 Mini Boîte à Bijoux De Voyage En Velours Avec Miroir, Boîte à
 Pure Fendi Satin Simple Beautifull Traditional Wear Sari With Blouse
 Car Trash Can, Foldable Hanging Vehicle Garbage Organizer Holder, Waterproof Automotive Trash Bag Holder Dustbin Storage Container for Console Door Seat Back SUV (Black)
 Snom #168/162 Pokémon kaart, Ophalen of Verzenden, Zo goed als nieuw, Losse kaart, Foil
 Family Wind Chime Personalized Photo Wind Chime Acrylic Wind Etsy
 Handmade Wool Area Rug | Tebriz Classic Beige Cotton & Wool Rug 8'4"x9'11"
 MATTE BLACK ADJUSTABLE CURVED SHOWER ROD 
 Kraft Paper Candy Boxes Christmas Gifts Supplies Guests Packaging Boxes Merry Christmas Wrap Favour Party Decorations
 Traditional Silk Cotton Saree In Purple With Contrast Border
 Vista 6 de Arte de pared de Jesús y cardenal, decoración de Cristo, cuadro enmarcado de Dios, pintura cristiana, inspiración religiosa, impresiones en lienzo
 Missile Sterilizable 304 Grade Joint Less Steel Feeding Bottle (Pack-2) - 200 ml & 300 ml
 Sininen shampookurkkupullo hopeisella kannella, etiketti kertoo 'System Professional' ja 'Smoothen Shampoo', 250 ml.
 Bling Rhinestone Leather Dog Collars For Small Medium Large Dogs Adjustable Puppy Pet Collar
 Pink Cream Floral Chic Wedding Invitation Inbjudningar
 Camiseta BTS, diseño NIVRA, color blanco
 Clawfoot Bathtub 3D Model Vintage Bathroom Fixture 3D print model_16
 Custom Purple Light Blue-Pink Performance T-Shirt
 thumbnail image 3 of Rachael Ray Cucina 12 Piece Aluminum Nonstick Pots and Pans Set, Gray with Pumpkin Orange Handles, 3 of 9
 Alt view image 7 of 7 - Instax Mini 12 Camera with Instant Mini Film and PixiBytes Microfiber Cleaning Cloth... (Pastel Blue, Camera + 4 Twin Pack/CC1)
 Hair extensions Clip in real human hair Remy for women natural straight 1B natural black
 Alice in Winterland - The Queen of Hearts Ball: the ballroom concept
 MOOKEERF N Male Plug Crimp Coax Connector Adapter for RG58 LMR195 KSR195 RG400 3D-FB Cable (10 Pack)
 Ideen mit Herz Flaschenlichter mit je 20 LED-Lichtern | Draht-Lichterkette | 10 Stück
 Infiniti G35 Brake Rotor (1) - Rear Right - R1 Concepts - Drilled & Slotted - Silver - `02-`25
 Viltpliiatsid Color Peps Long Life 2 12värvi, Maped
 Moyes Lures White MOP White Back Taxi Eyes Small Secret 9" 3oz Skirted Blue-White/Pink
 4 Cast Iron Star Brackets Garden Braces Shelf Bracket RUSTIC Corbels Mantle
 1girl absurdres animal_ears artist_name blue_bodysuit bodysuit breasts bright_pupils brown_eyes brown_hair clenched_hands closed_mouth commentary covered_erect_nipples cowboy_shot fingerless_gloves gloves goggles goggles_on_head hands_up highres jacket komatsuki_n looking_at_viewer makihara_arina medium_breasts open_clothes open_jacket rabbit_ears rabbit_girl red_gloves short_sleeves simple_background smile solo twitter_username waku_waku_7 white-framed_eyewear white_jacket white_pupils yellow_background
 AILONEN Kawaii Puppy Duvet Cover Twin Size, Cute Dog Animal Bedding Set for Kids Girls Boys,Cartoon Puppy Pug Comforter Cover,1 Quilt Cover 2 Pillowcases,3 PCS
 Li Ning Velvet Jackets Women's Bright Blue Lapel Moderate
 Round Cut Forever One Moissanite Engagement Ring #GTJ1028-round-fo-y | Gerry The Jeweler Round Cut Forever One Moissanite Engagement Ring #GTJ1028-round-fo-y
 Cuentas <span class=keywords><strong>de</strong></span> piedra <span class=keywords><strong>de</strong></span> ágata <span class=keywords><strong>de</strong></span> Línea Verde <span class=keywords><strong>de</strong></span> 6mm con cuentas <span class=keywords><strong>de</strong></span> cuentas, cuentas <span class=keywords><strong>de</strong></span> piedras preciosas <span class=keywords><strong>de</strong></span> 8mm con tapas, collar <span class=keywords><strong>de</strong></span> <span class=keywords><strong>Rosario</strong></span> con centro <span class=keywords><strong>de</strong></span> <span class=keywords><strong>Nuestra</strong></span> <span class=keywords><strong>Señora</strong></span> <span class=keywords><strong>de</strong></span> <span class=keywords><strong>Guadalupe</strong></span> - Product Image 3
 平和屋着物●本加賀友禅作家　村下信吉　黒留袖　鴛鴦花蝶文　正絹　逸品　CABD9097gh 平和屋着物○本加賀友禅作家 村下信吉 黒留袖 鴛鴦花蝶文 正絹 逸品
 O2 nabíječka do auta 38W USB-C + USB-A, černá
※ ※ ※
Task description: Take the lines from the first line of the listing up to and including the line with "Snom #168/162 Pokémon" and give them again exactly.

Response area:
 Mini Boîte à Bijoux De Voyage En Velours Avec Miroir, Boîte à
 Pure Fendi Satin Simple Beautifull Traditional Wear Sari With Blouse
 Car Trash Can, Foldable Hanging Vehicle Garbage Organizer Holder, Waterproof Automotive Trash Bag Holder Dustbin Storage Container for Console Door Seat Back SUV (Black)
 Snom #168/162 Pokémon kaart, Ophalen of Verzenden, Zo goed als nieuw, Losse kaart, Foil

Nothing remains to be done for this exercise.